I do know, pretty well, what’s in the bowels of Apache, and anyone who’s done engineering in that space knows that web-servers see about as thread-intensive a workload as you’ll ever encounter. Apache 2.0 has been engineered—very cleverly—to run in a bunch of processes with a few threads per process, or in a few processes with a bunch of threads per. Code that runs close to the server (application servers and so on) can choose to be aware of this or not. Increasingly, I suspect that high-performance code is going to have to be aware of this at all times. And I suspect that Apache itself is going to need some adaptation after we’ve gained some hands on experience with these high-TLP chips under heavy loads. Once again, this should be fun (I suppose there are those who would not share my perception of what is and isn’t “fun”).
At the Application Level · Some applications are going to want to be TLP-aware. For example, this 1.25GHz PowerBook I’m typing on is ridiculously fast for running text editors and Perl scripts and NetBeans and that kind of stuff; but irritatingly slow at heavy PhotoShop lifting and video rendering and so on. Almost by definition, the slow media-centric apps should be able to deploy parallelism to good effect. But this deployment work is not for the faint of heart, because thread-aware programming is, well, hard.
Of the languages I’ve worked with, Java is overwhelmingly the best-suited for developing parallel multi-threaded code. The thread primitives are built-in, quite cleverly, and a lot of the concurrency problems just got more tractable with the new code in the 1.5 release.
This doesn’t mean it’s easy.

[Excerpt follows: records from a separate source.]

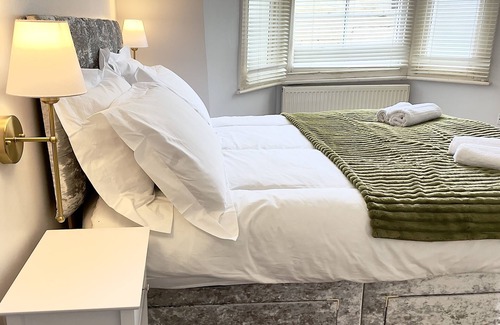 Dartmouth Park Apartment | Modern Town House Apartment, 1BDR & Garden, Emirates stadium & 10min kings Cross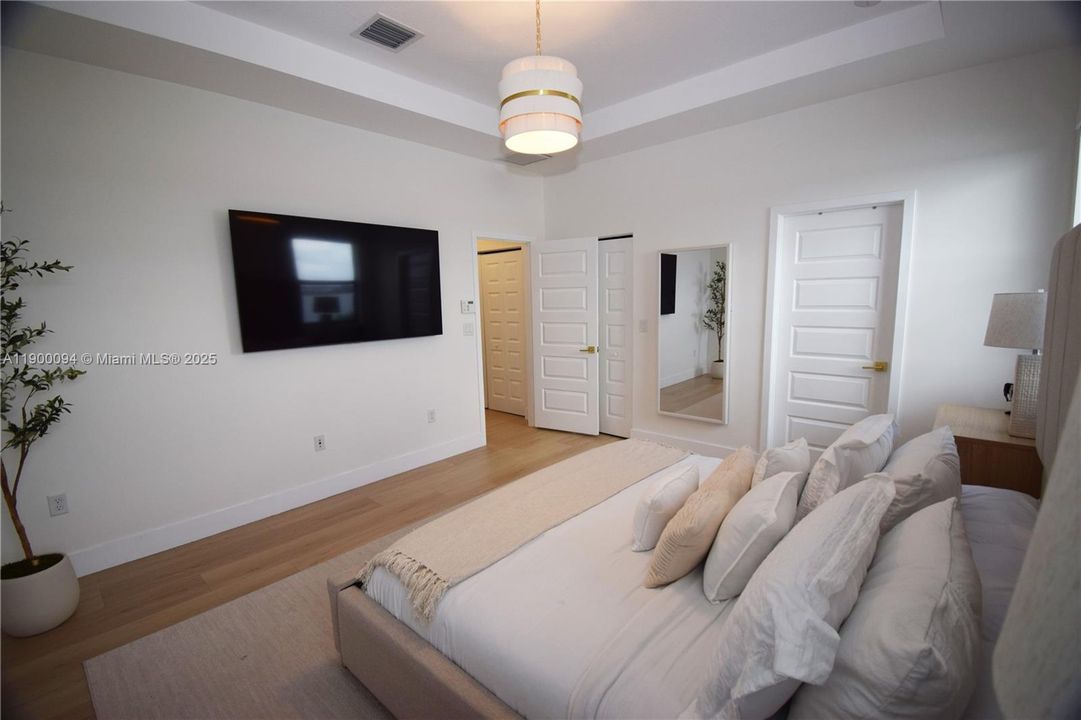 На продажу: $640,000 (3 спален, 2 ванн, 1588 Квадратных фут)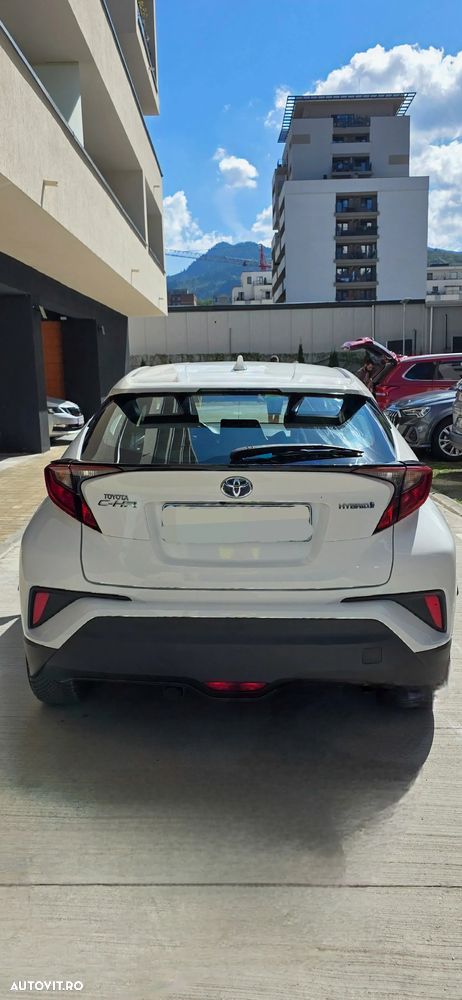 Toyota C-HR - 4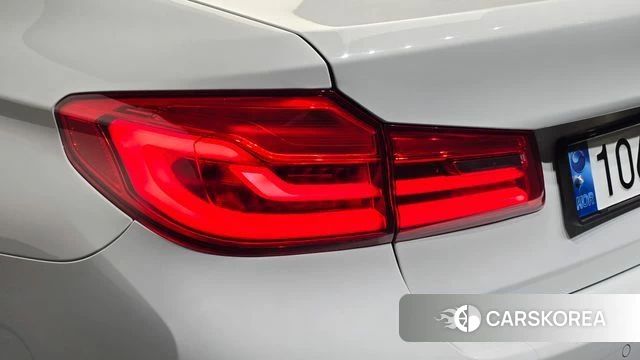 BMW 5 Series (G30) id 4966935 из Кореи 15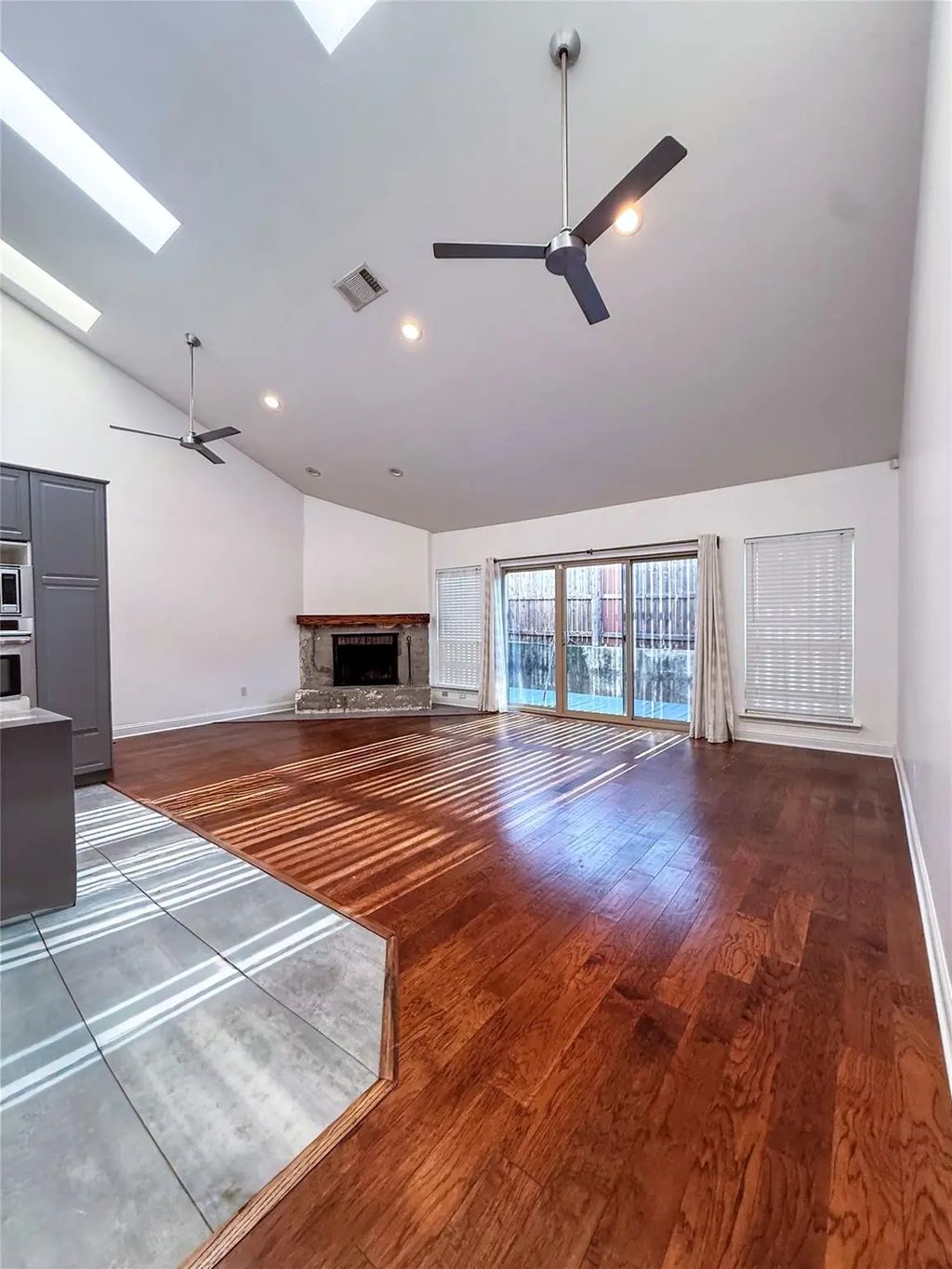 7450 Holly Hill Drive 103, Dallas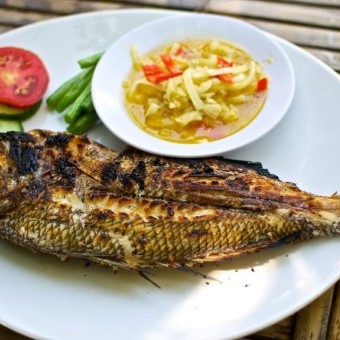 سمك مشوي على الجريل بالتوابل الحارة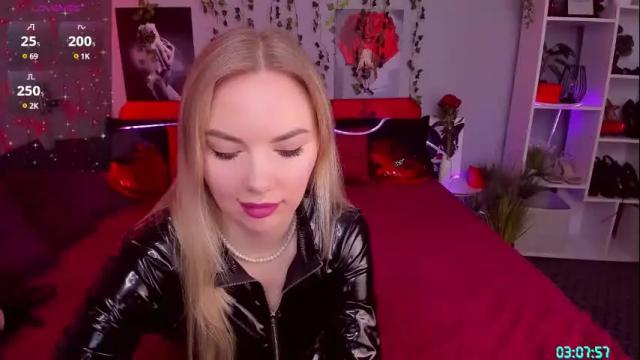 Image 11 of sofisoulx Stream on Chaturbate on 1 month ago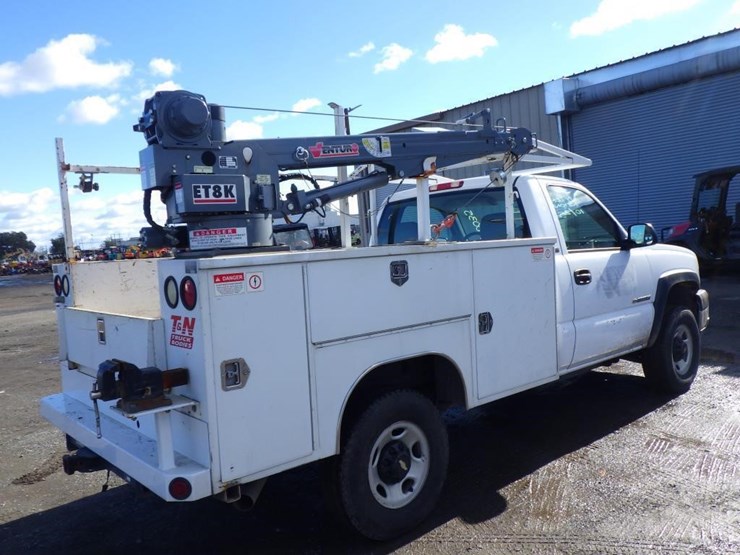 2004-chevrolet-2500hd-image-3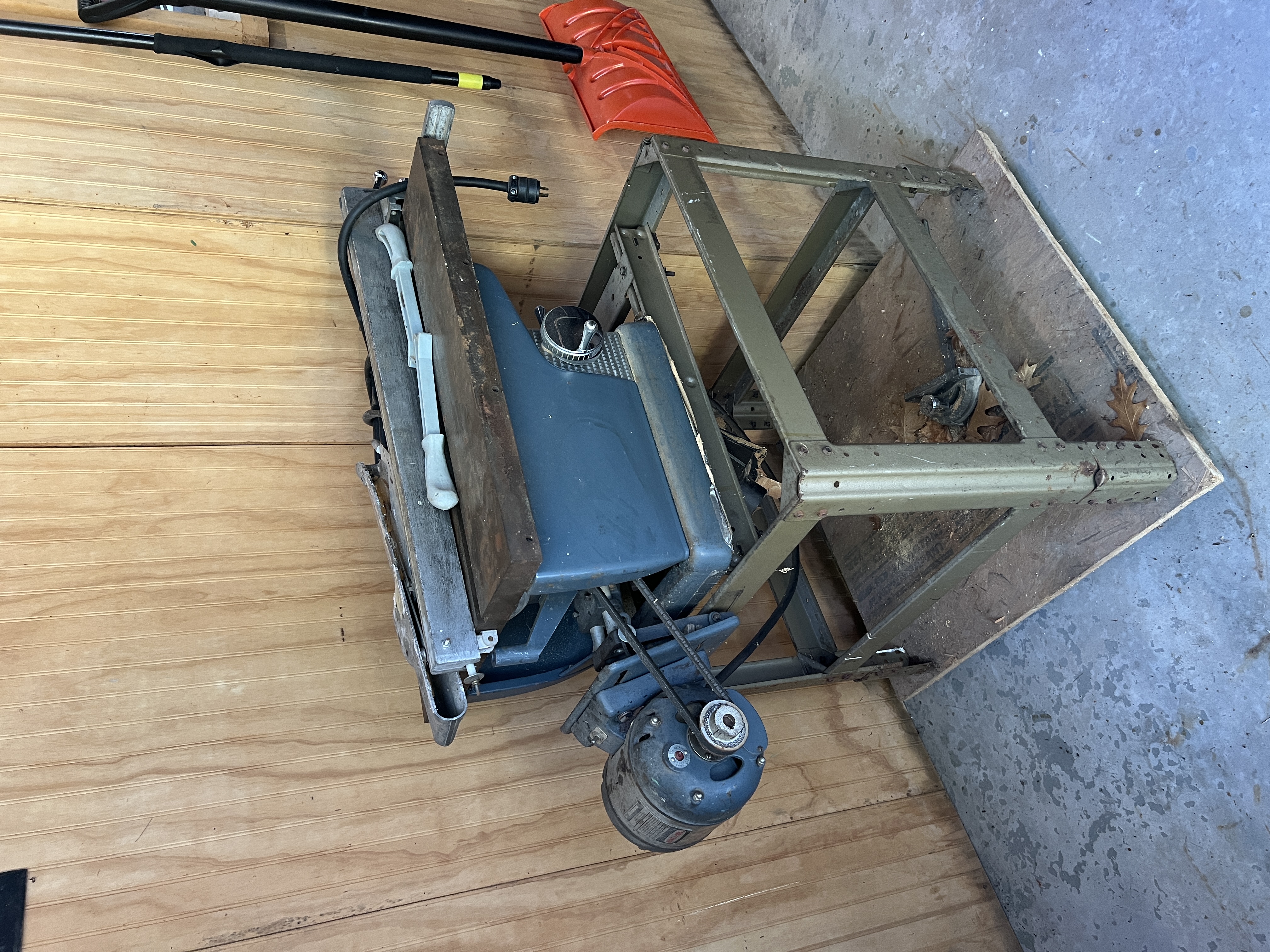 table saw.JPG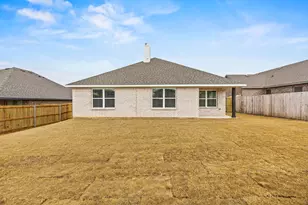 102 Maverick Trl, Valley View, TX 76272 - Photo 28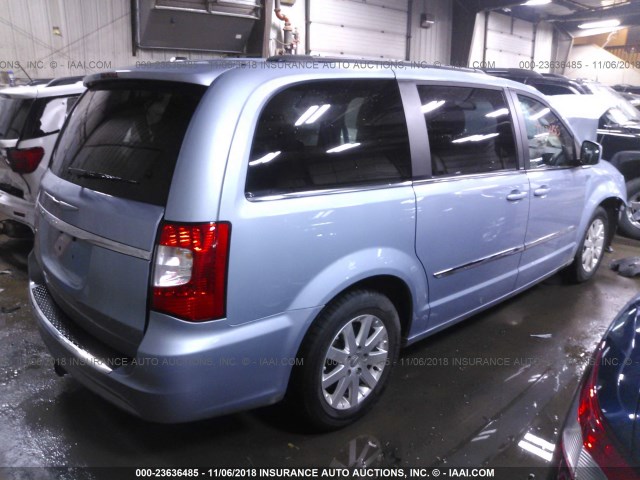 2C4RC1BG5DR806393 - 2013 CHRYSLER TOWN & COUNTRY TOURING Light Blue photo 4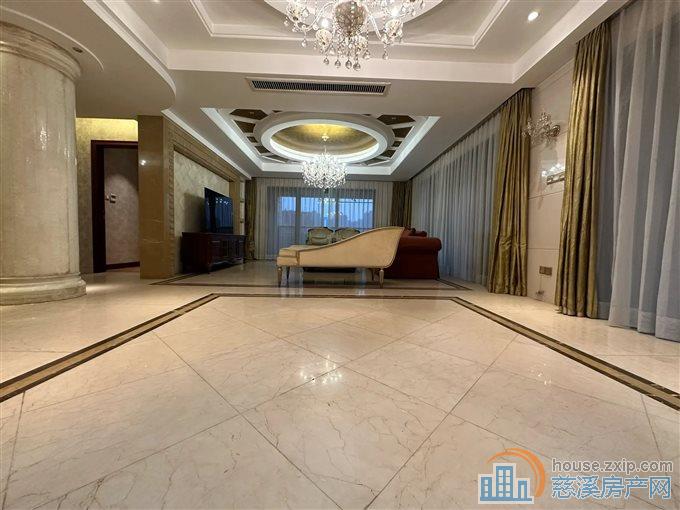 绿城玫瑰园275平788万带车位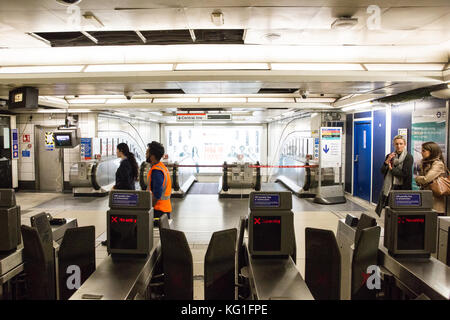 London, UK. 2nd November, 2017. The London Underground station at Bank in the City of London is evacuated due to the sounding of a fire alarm believed to have detected smoke in the platform area. Credit: Mark Kerrison/Alamy Live News Stock Photo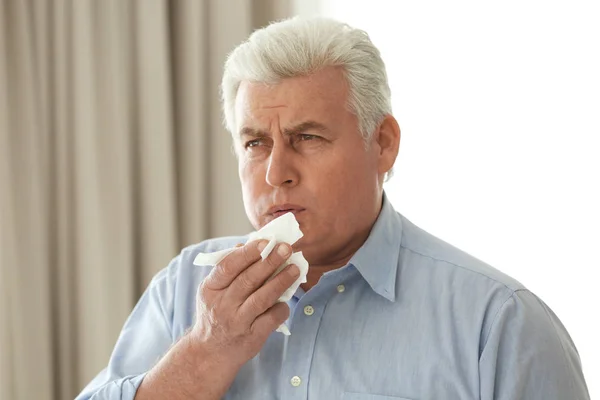 Älterer Mann mit Allergie zu Hause — Stockfoto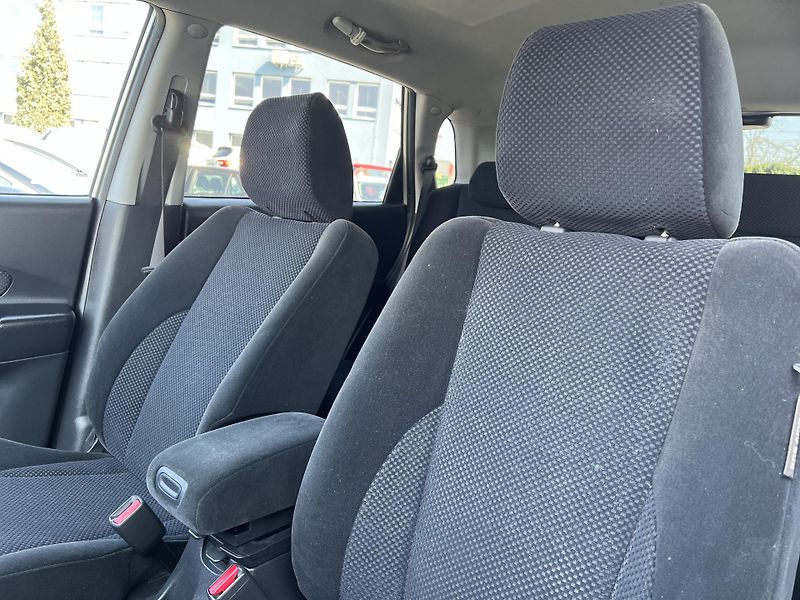Hyundai Tucson 2.0CRDi 4x4 KLIMATIZACE ALU - fotka 10 z 35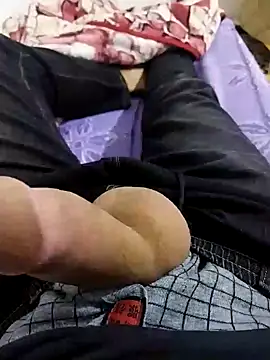 Snapshot of K-27 chatting on 11.16.25 K-27 online show from 11.16.25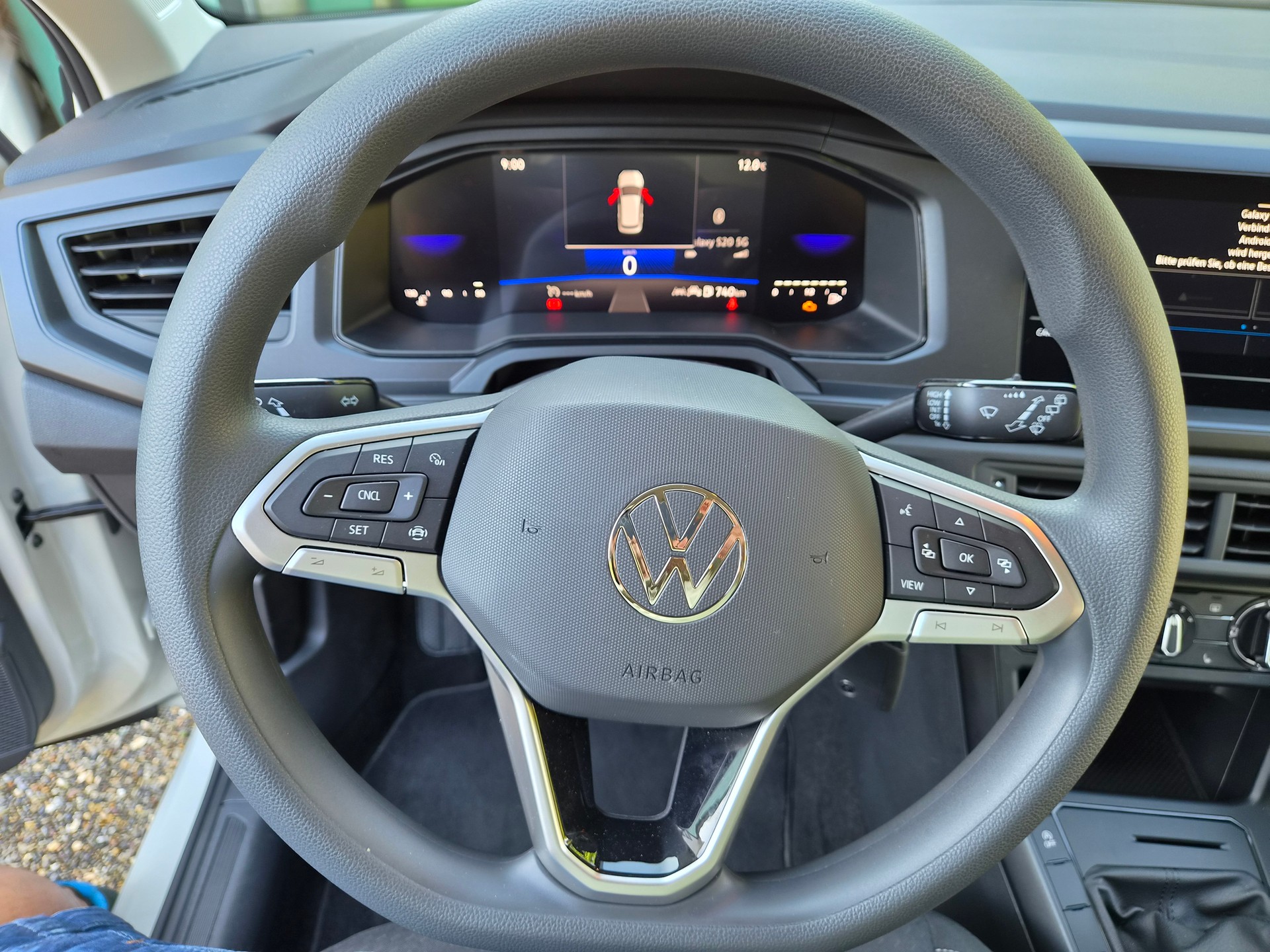VW 1.0 TSI Basis 4 J. Garantie-image-5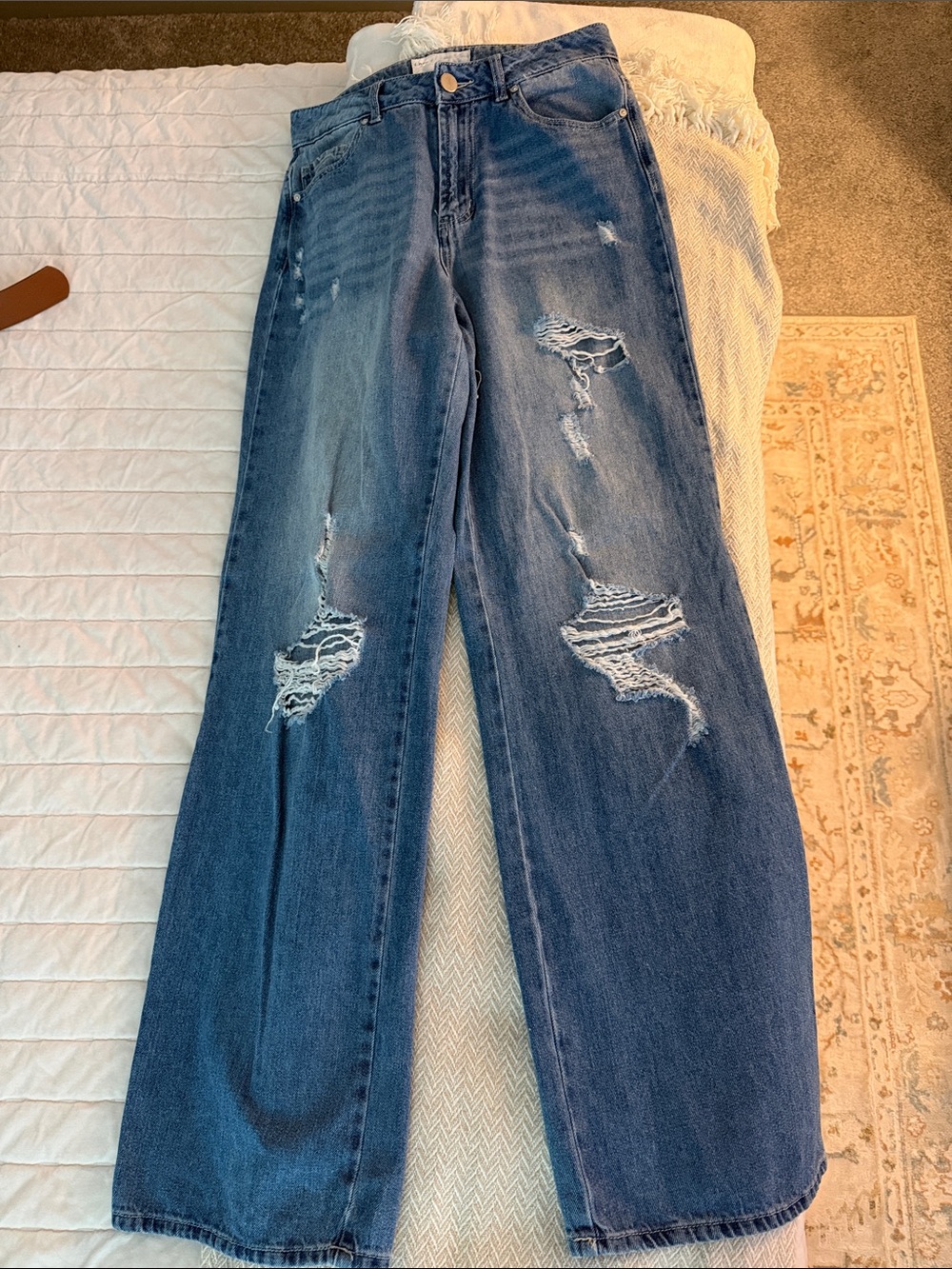 Distressed Wide-Leg Jeans in Blue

My Zeppelin project has client-side and server-side code, and both sides are highly parallel; it has been a complete fucking nightmare to debug, and I claim to be good at debugging. If we’re going to empower application programmers to get the most out of the high-TLP chips, we need big advances in development and debugging technology.
I think the key thing isn’t so much better debugging technology as better testing technology. Given JUnit or equivalent, I’m pretty confident that I can pull together a good set of unit tests for just about any conventional single-threaded application. But when it gets parallel, there’s a problem in that I don’t have a general mental framework for how to build a test suite. Once we figure out some of design patterns, there are grounds for hope that we can do some tooling around it for testing and debugging.
But the bottom line is, for application programmers, don’t get into this space unless you’re pretty sure you know what you’re doing and you’re willing to wrestle with some seriously difficult debugging.
That’s the bad news. The good news is that computers are going to feel a lot faster, given some support from the low-level software.